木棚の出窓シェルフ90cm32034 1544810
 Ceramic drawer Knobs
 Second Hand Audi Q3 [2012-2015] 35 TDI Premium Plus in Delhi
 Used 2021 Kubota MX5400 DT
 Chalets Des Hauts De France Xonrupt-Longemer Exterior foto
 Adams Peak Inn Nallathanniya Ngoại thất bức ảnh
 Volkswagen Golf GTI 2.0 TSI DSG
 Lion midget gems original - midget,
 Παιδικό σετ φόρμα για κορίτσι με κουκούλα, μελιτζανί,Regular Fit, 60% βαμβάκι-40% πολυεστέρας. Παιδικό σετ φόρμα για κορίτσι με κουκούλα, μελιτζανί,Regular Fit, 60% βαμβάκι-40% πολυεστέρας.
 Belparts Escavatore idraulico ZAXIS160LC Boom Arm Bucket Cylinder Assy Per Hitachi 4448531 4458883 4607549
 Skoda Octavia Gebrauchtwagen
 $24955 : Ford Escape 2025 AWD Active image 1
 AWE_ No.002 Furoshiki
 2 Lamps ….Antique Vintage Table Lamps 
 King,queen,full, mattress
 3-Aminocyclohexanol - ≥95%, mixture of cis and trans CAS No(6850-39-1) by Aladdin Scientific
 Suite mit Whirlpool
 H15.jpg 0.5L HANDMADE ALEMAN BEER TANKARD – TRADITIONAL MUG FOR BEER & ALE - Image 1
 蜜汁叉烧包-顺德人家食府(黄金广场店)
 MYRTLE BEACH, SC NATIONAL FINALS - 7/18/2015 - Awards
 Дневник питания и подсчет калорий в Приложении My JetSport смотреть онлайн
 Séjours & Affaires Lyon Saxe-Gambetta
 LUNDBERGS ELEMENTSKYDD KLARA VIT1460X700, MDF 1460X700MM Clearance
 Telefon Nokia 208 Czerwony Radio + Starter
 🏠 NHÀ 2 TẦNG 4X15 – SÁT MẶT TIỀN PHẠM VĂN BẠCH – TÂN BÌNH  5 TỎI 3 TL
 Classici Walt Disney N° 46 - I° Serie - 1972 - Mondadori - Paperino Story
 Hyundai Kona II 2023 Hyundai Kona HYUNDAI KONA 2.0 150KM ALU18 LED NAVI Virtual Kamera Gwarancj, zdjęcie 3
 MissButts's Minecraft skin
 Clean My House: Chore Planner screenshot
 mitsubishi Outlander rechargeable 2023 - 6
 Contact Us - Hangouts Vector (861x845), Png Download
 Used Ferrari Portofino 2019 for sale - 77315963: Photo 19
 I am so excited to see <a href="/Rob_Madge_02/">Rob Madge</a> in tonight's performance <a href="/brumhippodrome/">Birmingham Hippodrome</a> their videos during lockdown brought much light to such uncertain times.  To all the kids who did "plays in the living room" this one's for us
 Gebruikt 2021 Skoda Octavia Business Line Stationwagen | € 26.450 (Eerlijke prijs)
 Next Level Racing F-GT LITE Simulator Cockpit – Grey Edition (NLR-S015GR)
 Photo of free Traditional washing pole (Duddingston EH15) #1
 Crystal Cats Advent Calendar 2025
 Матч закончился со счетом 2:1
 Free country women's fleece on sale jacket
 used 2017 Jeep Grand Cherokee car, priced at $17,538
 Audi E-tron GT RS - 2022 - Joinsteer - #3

_____

→ **Problem statement**:
The lines you need are those containing "Skoda"; find them in the records and copy them.

→ **Result for this exercise**:
 Skoda Octavia Gebrauchtwagen
 Gebruikt 2021 Skoda Octavia Business Line Stationwagen | € 26.450 (Eerlijke prijs)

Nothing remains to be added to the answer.